**Supplied material**
=== Begin Enclosure ===

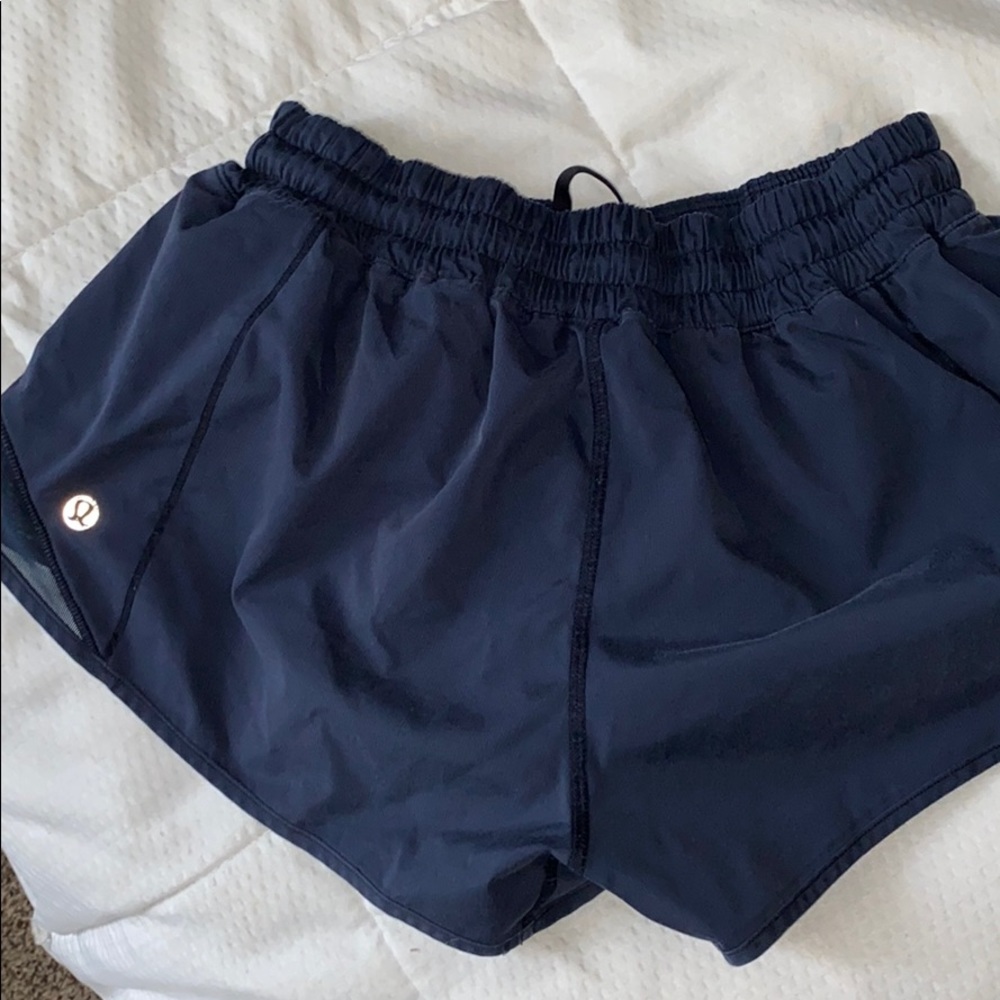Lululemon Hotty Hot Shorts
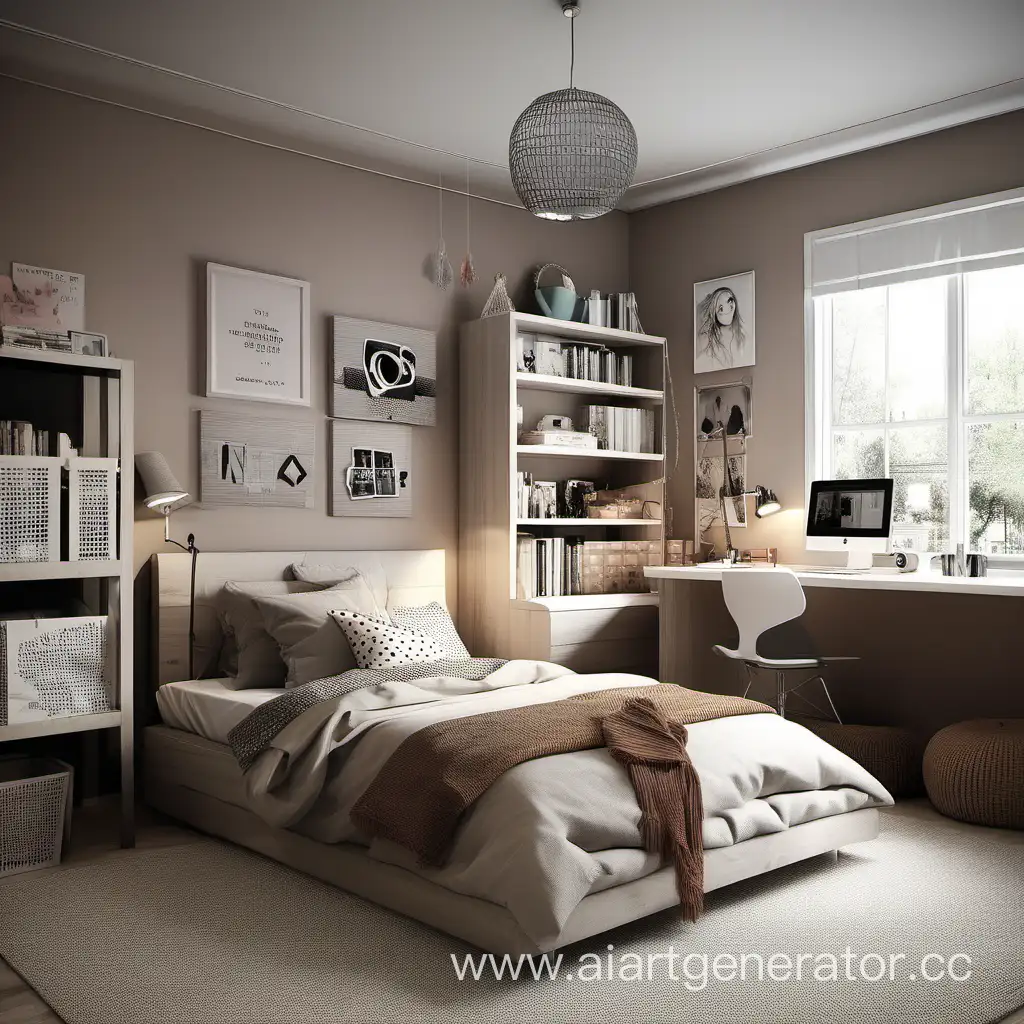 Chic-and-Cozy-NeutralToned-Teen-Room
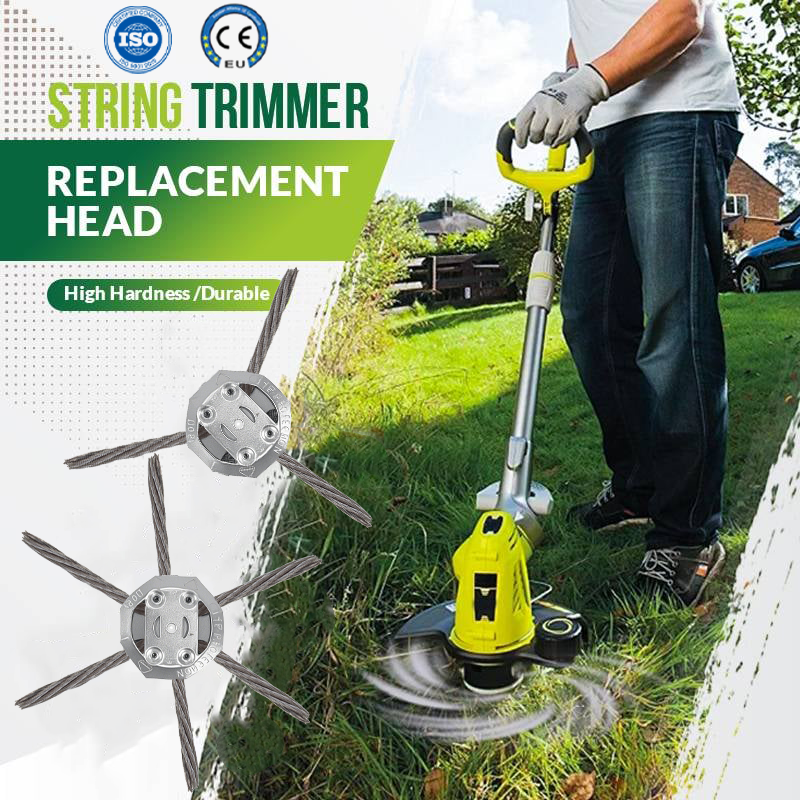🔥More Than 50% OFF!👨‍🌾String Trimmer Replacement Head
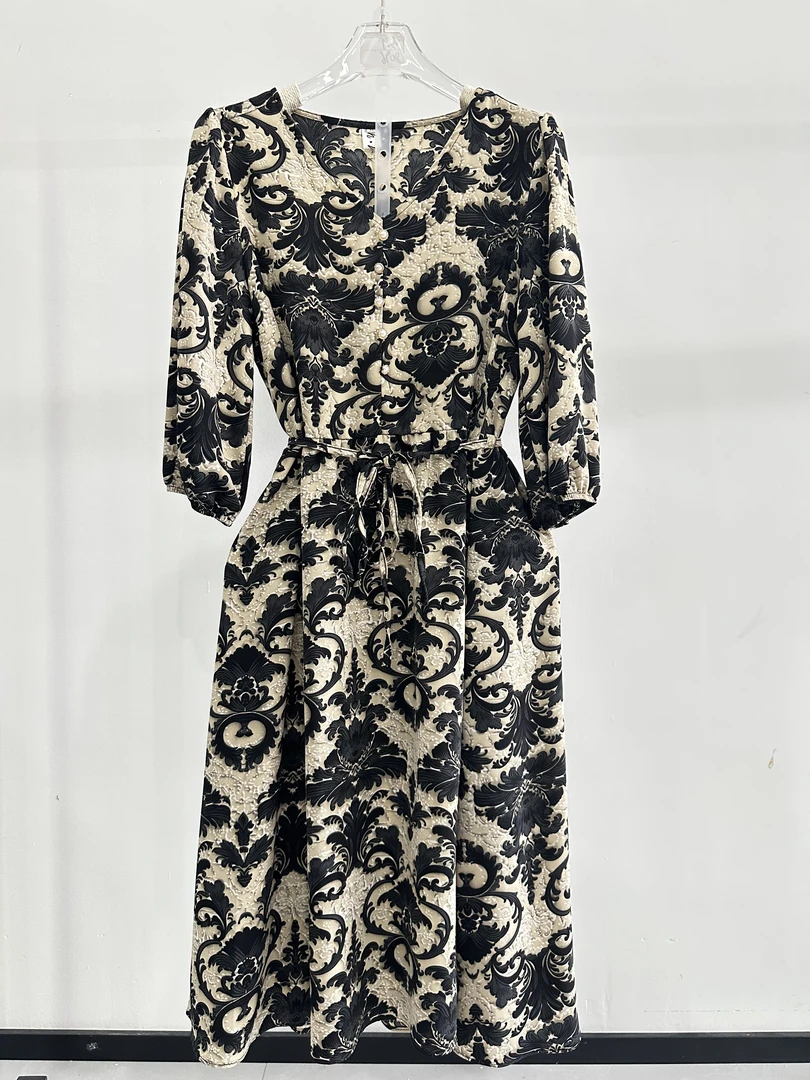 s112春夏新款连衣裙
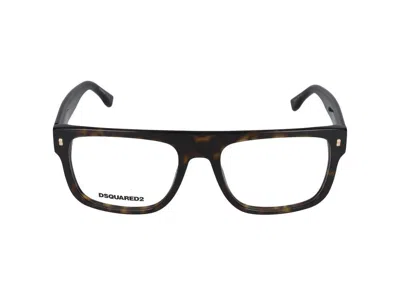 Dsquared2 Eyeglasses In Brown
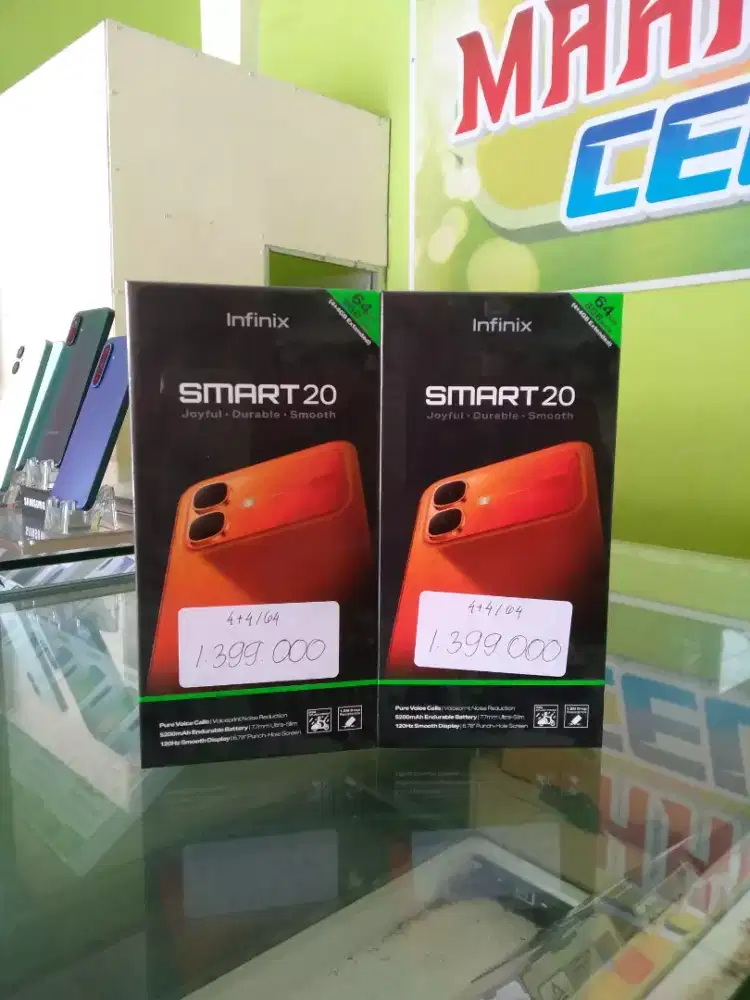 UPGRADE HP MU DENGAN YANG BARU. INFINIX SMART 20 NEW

=== End Enclosure ===

**Description of the task**
What the response needs is every entry, repeated exactly, and none of the pictures.

**Answer section**
Lululemon Hotty Hot Shorts
 Chic-and-Cozy-NeutralToned-Teen-Room
🔥More Than 50% OFF!👨‍🌾String Trimmer Replacement Head
 s112春夏新款连衣裙
 Dsquared2 Eyeglasses In Brown
 UPGRADE HP MU DENGAN YANG BARU. INFINIX SMART 20 NEW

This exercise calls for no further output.